PCI I/O Card
Information on the DabsValue/NetMos Technology 222N-2/NetMos 9835 1 Parallel/2 Serial PCI I/O Card.
For quite some time now, I've been having to share quite a few different devices between the two serial ports on Jesmos. Needless to say, this got quite annoying. Sabrina took one of the ports on a permanent bases for her network connection (which is looking likely to stay that way unless someone can tell me about a PCMCIA NE2000 NIC, so every time I wanted to use another device, I had to go around the back, unplug one device and plug the new one in.
I eventually found a PCI card that provided a couple of extra serial ports at a reasonable price.
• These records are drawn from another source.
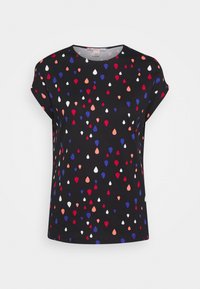 Černé tričko s krátkým rukávem, které je zdobeno vzorem červených, bílých, modrých a broskvových kapkovitých tvarů. Kulatý výstřih, měkký materiál.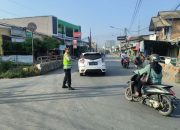 Polsek Sukatani Gelar Gatur Lalin Pagi, Pastikan Kelancaran Arus Kendaraan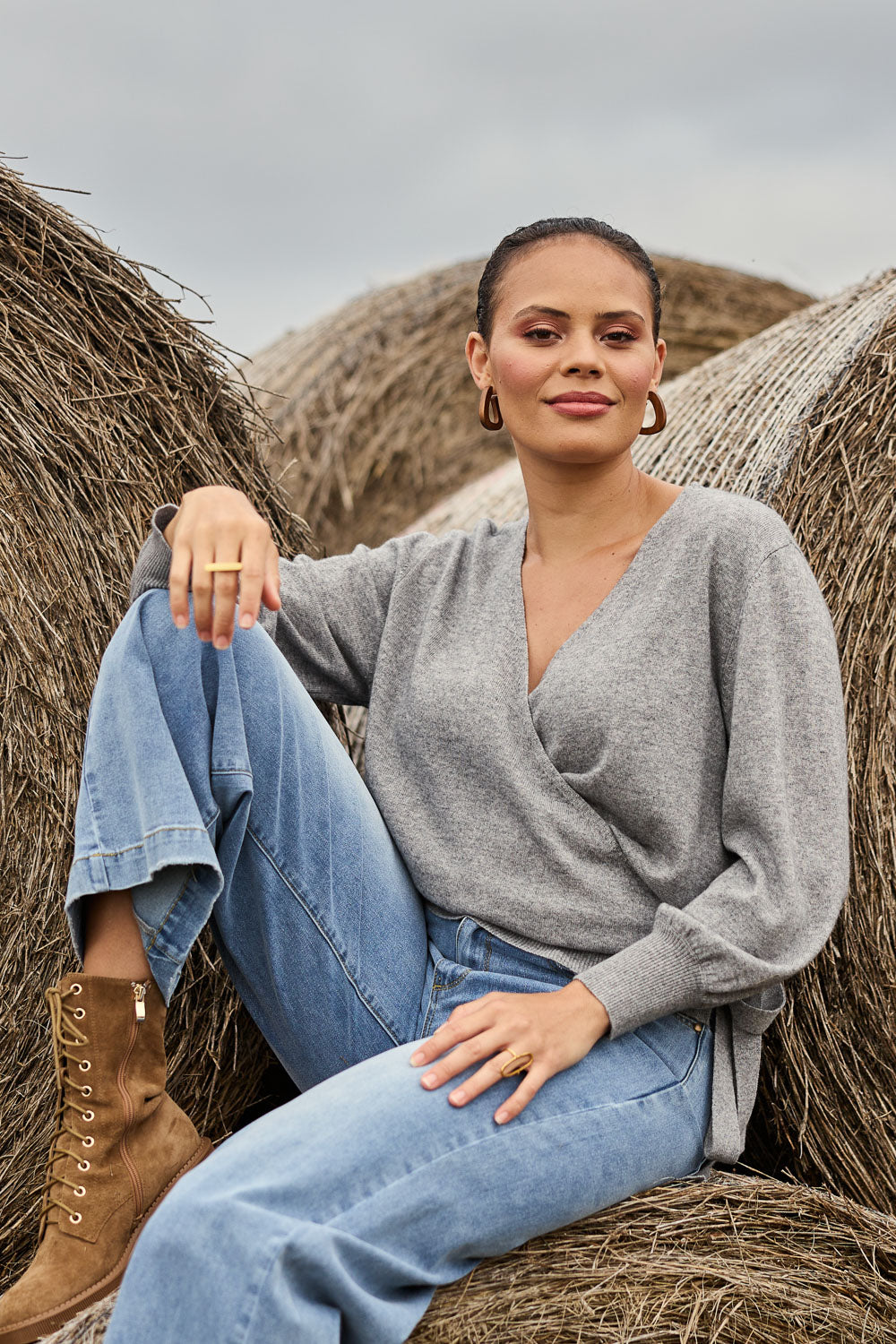 Model Lala wearing size S of the Wool Cashmere Wrap Sweater in colour Grey (Grey), from the front, showing the whole outfit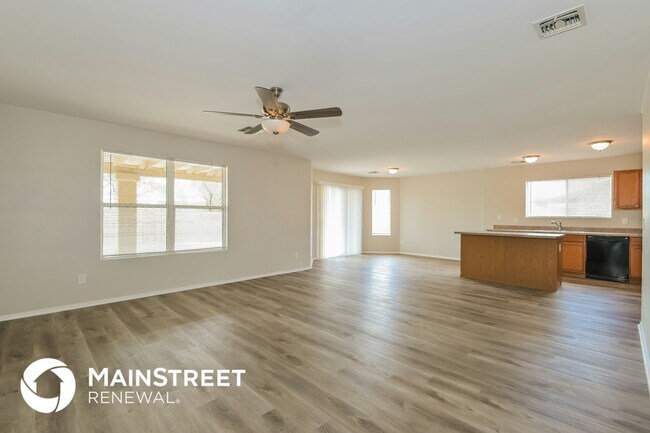 Building Photo - 5090 E Butterweed Dr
I was slightly apprehensive, however, as it was sold as a DabsValue card, which is Dabs.com's line of cheap, rebadged hardware. If you're interested, the QuickLinx code is 24ZTWS. Anyway, my mate was putting in an order with Dabs, so I decided to tack the card on to the end of his order. Sure enough, not too long ago the card turned up, looking like your average generic PCI card:
Getting it to work under Linux was reasonably easy, once we'd decided exactly what the card was. lspci identified the card as follows:
00:0a.0 Communication controller: NetMos Technology 222N-2 I/O Card (2S+1P) (rev 01)
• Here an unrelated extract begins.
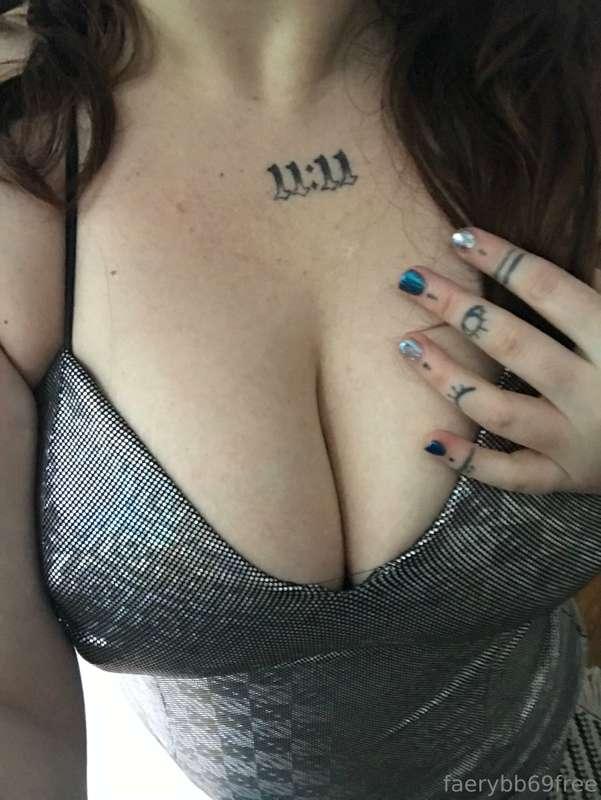 Busting out of my highschool prom dress, take it off for me?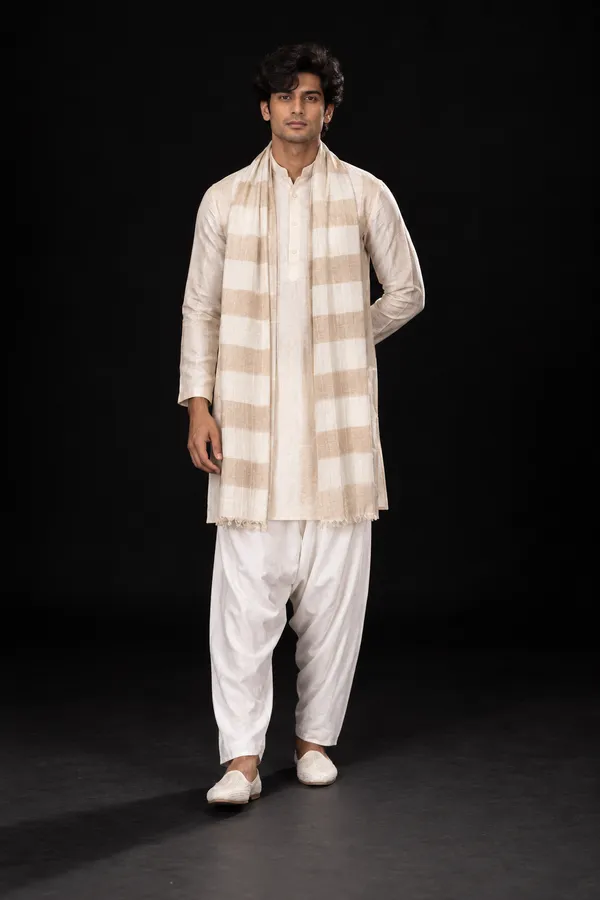 Beige_Check_Kurta_Set_With_Stole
A quick search on Google reveals that this is in fact a NetMos 9835 chip with a serial EPROM causing it to be identified as a NetMos 222N-2. More searching shows that if you want to build a cheap PCI parallel/serial I/O card, this is the chip to base it on, so there are a lot of these cards out there. It might not be supported in the standard kernel, but there are patches out there for it.
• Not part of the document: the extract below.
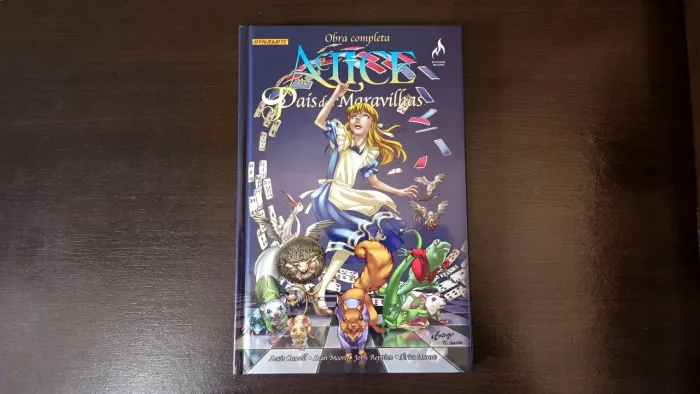 Alice no País das Maravilhas - Obra Completa - HQ Mythos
For your convenience, the patches against 2.4.20-pre9 are included in the Linux Software section. These patches also apply cleanly on the release 2.4.20 tree. Just apply these patches and turn on parport_serial support, and all being well you should have /dev/tts/4 and /dev/tts/5 (or similar) magically appear. It also seems to support the card's parallel port, but short of looking for /dev/printers/1 (which does now exist), I haven't tested this.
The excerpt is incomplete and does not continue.